This video explains Quantum Mechanics intuitively. Classical mechanics failed to describe how an electron could orbit an atom. An accelerating charge always creates electromagnetic radiation.

This means it would constantly lose energy and crash into the nucleus.


Only quantum mechanics could explain why this does not happen by showing that electrons exist in quantized orbits proportional to Planck's constant. 


Louis de Broglie showed that they must be waves. And Erwin Schrodinger developed an equation to explain this wavelike behavior.


Max Born came up with the idea that the wave function in the Schrodinger equation should be interpreted as a probability.


So quantum objects have only a probability of being found at any particular location in space, which can only be determined once we measure it, not in advance. 


Quantum objects are not like little basketballs.
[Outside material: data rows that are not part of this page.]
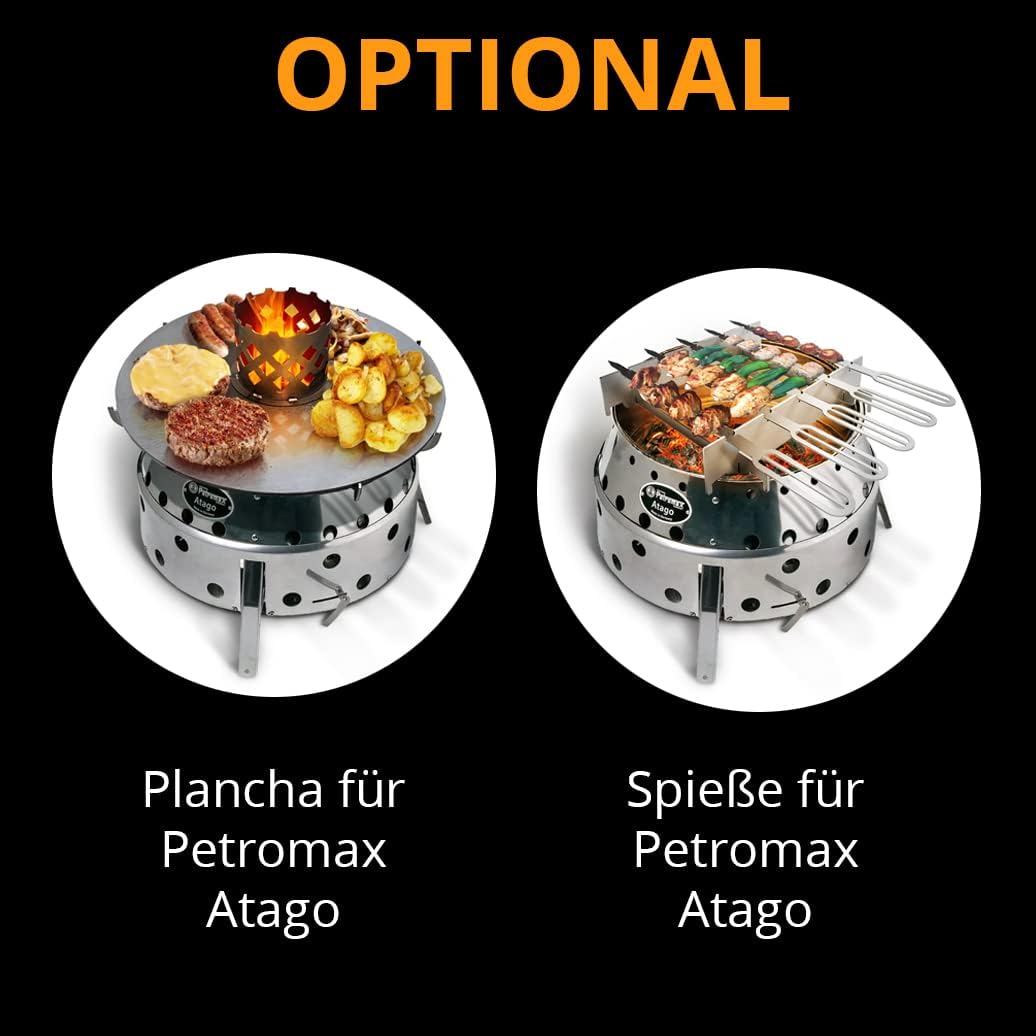 Terma Grillspiess geeignet für Petromax Atago & BBQ-Toro DOKING Made in Germany, plancha Platte, feu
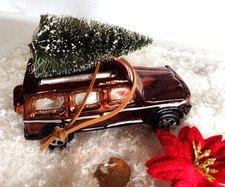 Christmas Ornament GLASS SUBURBAN CAR Brown w/ Snowy Tree LEATHER HANGER 5"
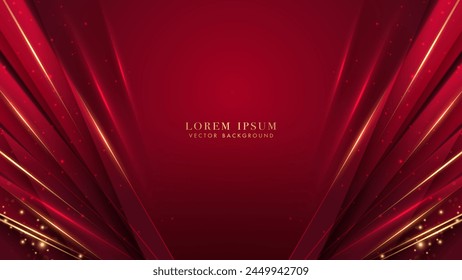 Golden lines with red diagonal, glitter light effect decoration on red background. Luxury style vector design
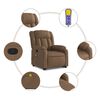 vidaXL Fauteuil de massage inclinable Marron Tissu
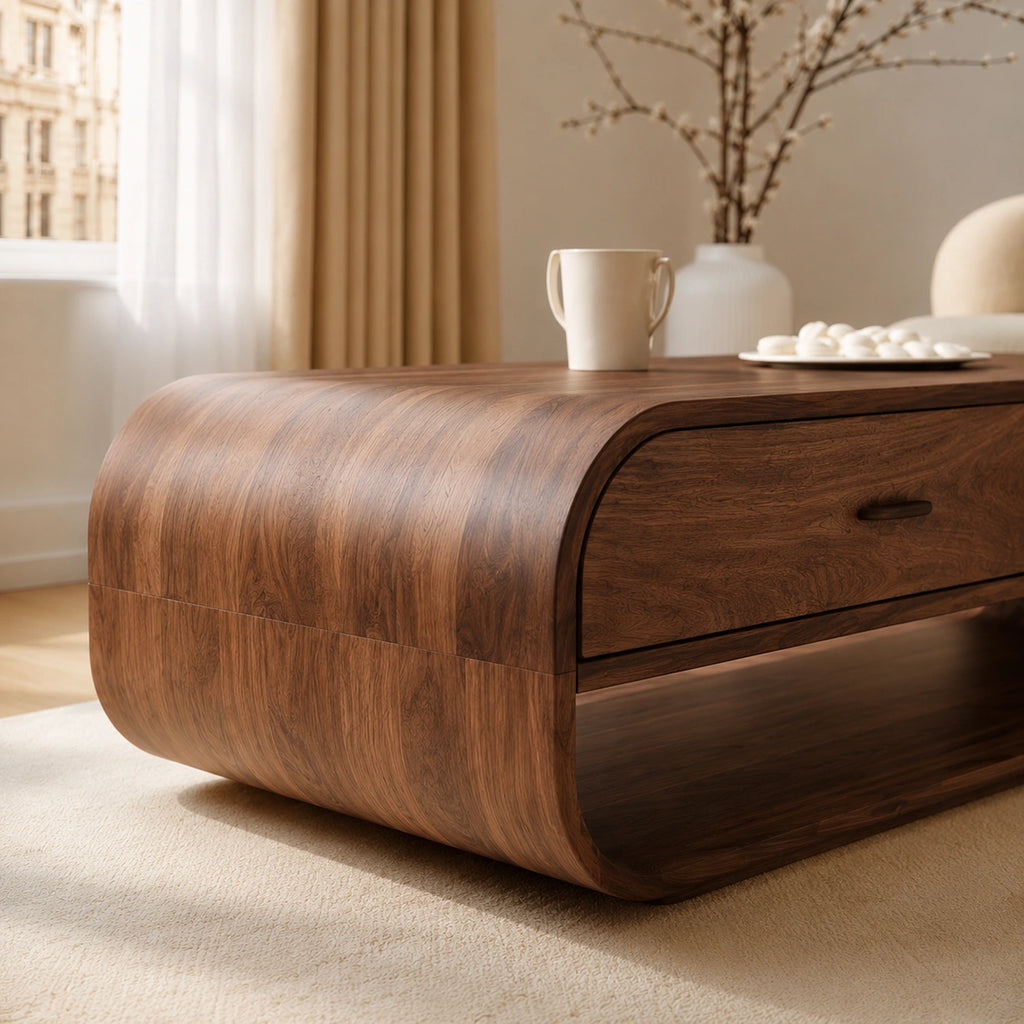 Natural Solid Wood Coffee Table with 2 Drawers – Rounded Modern Style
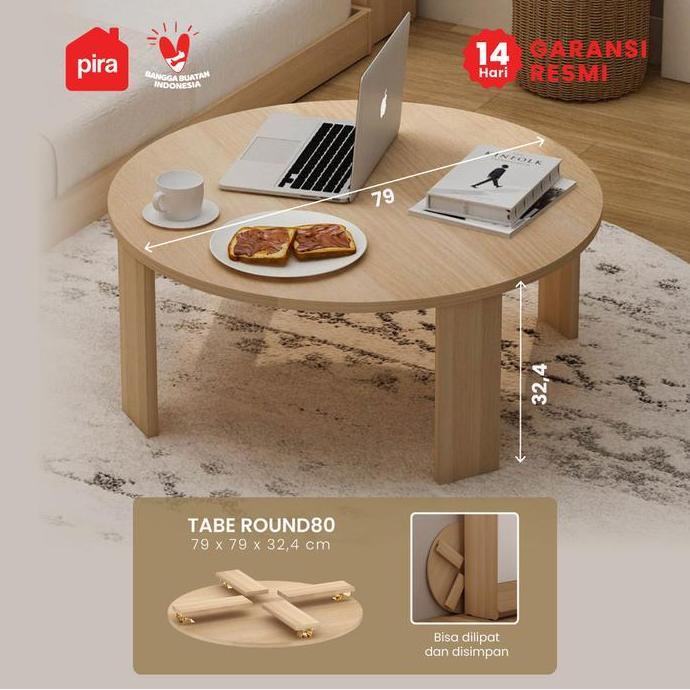 PROMO - PIRA - TABE ROUND80 Meja Tamu Bulat / Meja Makan Lipat Lesehan / Meja Belajar Lipat Lesehan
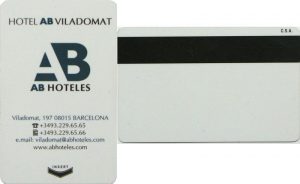 A magnetic card issued by a hotel for room access.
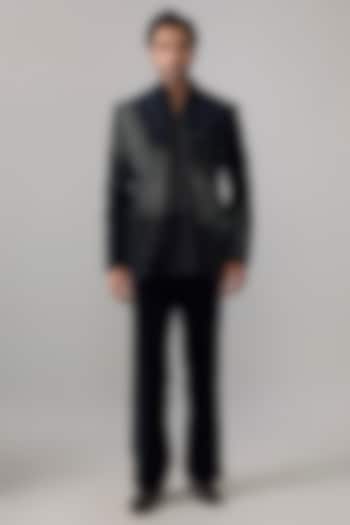 Black Velvet Groom Indowestern Jacket Set by Jayesh and Kaajal Shah Men at Pernia's Pop Up Shop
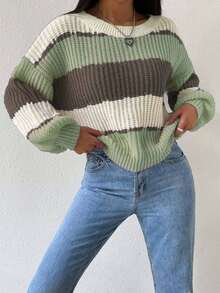 EMERY ROSE Women's Casual Loose Fit Contrast Color Round Neck Drop Shoulder Long Sleeve Sweater, Autumn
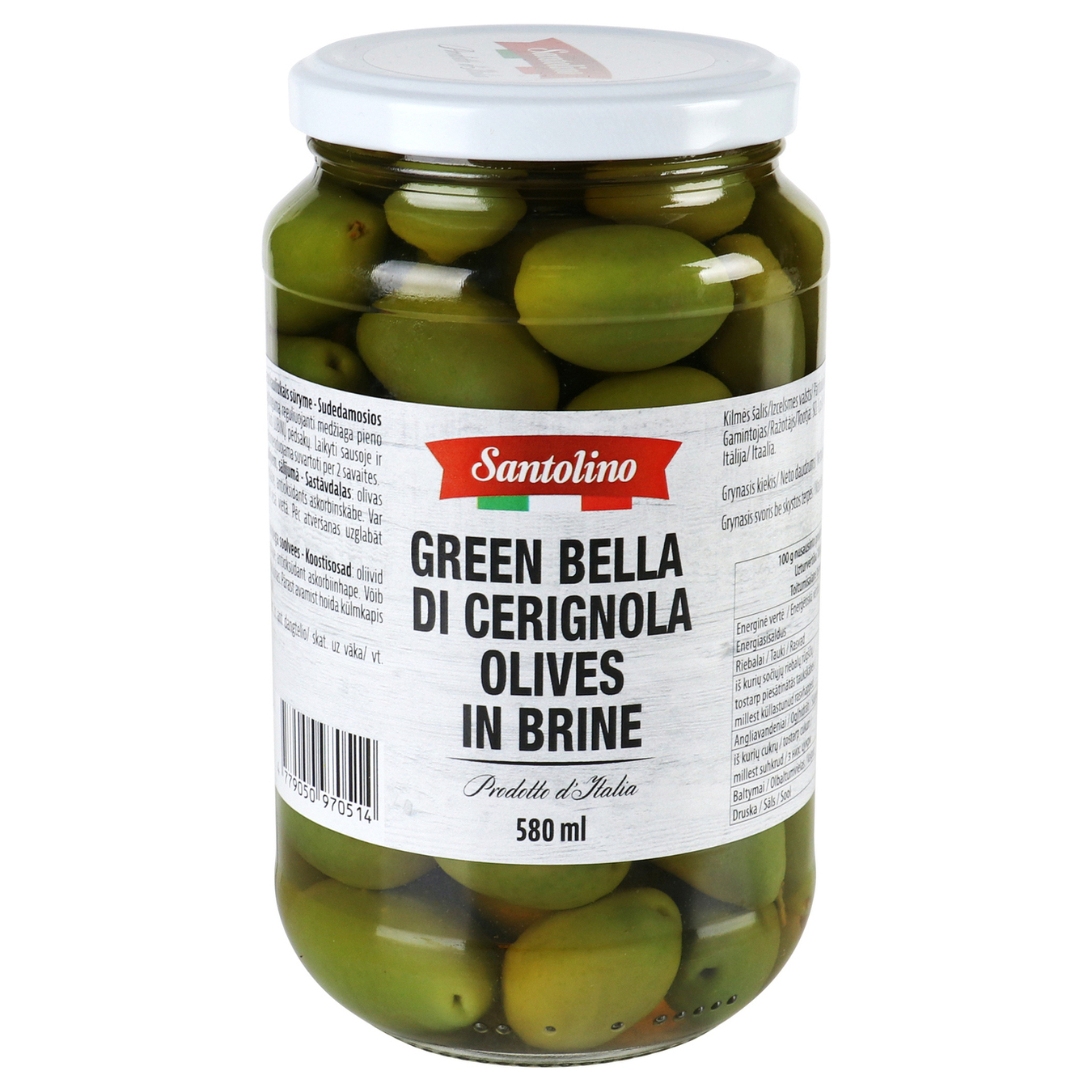Оливки зеленые Santolino Белла ди Чериньола с косточкой в рассоле консервированные 565г 2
They are like waves because they create interference patterns like we see in the double slit experiment. The problem is that we only observe particles, not waves. 


So the concept of measurement was introduced to account for what we observe.


The most common interpretation of quantum mechanics is that whenever a measurement is made, the wave collapses and becomes a localized wave, or particle.


What is a measurement?

Measurement is an interaction, and interaction of the quantum object with some kind of measuring device, more specifically an irreversible exchange of energy.


But there is a huge problem. No one can explain how or why this “wave collapse” occurs through measurement.


This is called the “measurement problem” in quantum mechanics. And since all our information comes from a measurement of some kind, we can never directly see this quantum world.


Everything we observe must go through this measuring process that seems to result in the conversion of quantum objects into particles.


So how this wave evolves according the Schrodinger equation, is never actually seen. This is a fundamental problem that we need to resolve. In Quantum mechanics, objects have wave-like behavior described by wave functions, which are abstract mathematical solutions to the Schrodinger equation.


These waves aren't localized but instead take up all of space. It isn't until you look for a particle that it becomes what appears to be a particle; before that, the particle is a collection of probability waves that theoretically extend out to the entire universe. 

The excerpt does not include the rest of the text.